▶ Work request: Every record below must be retyped exactly, with the pictures left out.

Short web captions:
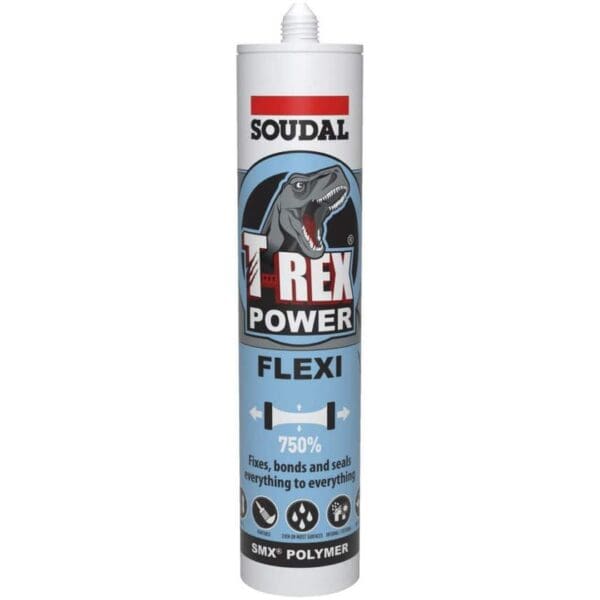 Soudal T-Rex Flex B Cartridge Adhesive White 290ml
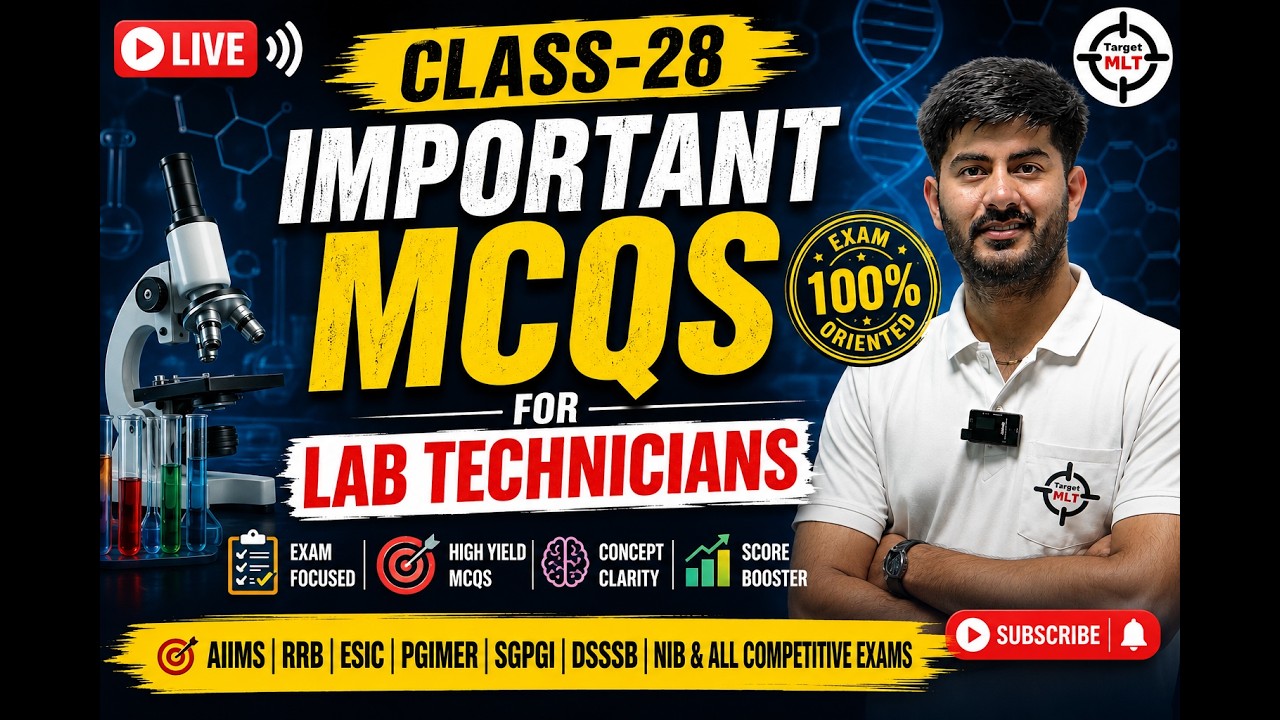 Lab Technician Important MCQs Class-28 By Sachin Punia #DMLT #BMLT #HSSC #AIIMS #BSF #RRB #PGI #2026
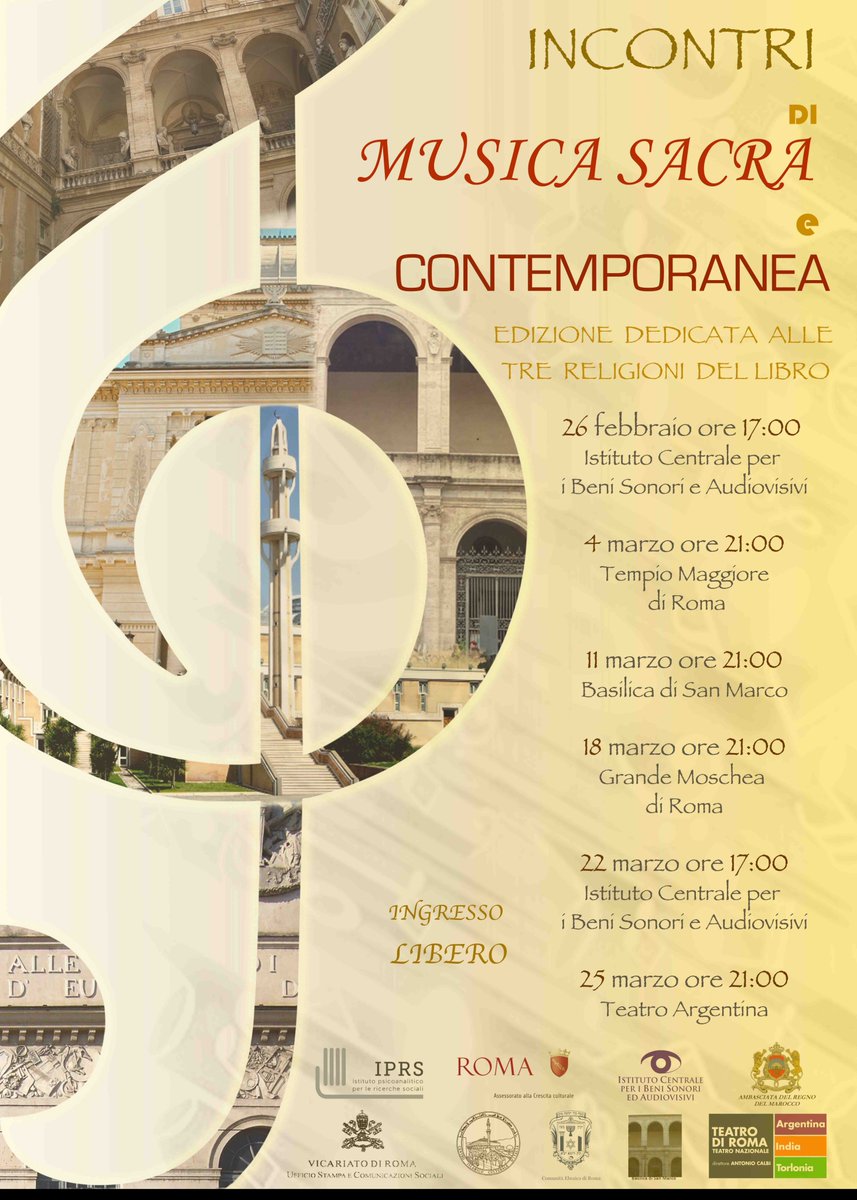 IPRS1987's tweet photo. 26/02- 5/03 Incontri di Musica Sacra e Contemporanea: 4 concerti che attingono alle tradizioni musicali #cattolica, #ebraica, #islamica e #secolare. @iprs, #icbsa, @romaebraica , #CentroIslamicoItalia, @Amb_Marocco, @teatrodiroma, #VicariatodiRoma. https://t.co/MTFiEB27eA https://t.co/iVJukyiBnY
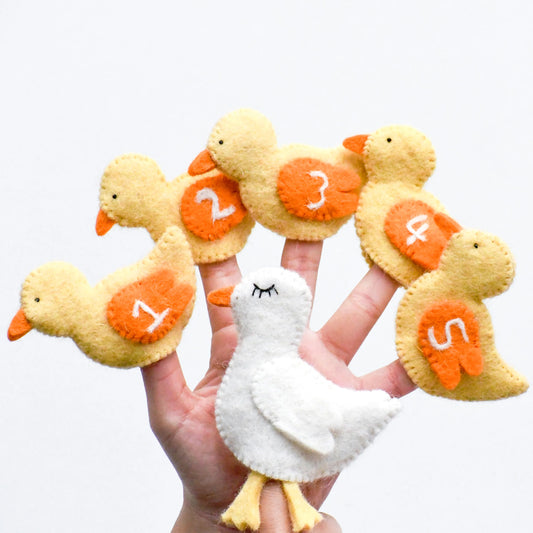 five little ducks finger puppet set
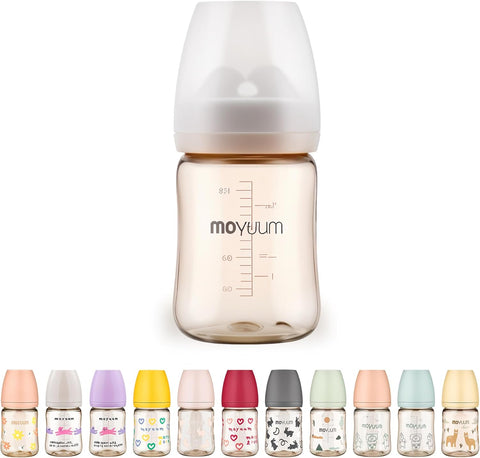 Moyuum PPSU All-in-One Feeding Baby Bottle with Nipple 270ml (+3 months) - Anti Colic, BPA Free & Easy Clean Wide-Neck Non-Tip Stable Base - Real Fit Nipple - Beige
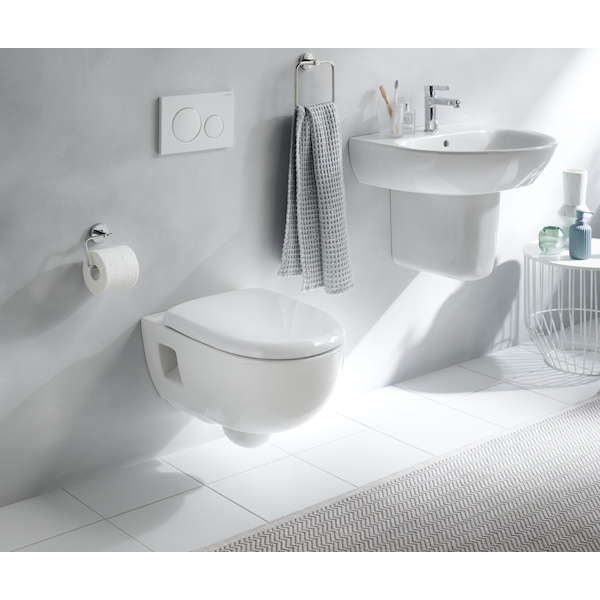 Pack WC suspendu Renova 53cm semi-caréné Rimfree abattant ralenti et déclipsable blanc - GEBERIT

▶ Exercise output:
 Soudal T-Rex Flex B Cartridge Adhesive White 290ml
 Lab Technician Important MCQs Class-28 By Sachin Punia #DMLT #BMLT #HSSC #AIIMS #BSF #RRB #PGI #2026
 IPRS1987's tweet photo. 26/02- 5/03 Incontri di Musica Sacra e Contemporanea: 4 concerti che attingono alle tradizioni musicali #cattolica, #ebraica, #islamica e #secolare. @iprs, #icbsa, @romaebraica , #CentroIslamicoItalia, @Amb_Marocco, @teatrodiroma, #VicariatodiRoma. https://t.co/MTFiEB27eA https://t.co/iVJukyiBnY
 five little ducks finger puppet set
 Moyuum PPSU All-in-One Feeding Baby Bottle with Nipple 270ml (+3 months) - Anti Colic, BPA Free & Easy Clean Wide-Neck Non-Tip Stable Base - Real Fit Nipple - Beige
 Pack WC suspendu Renova 53cm semi-caréné Rimfree abattant ralenti et déclipsable blanc - GEBERIT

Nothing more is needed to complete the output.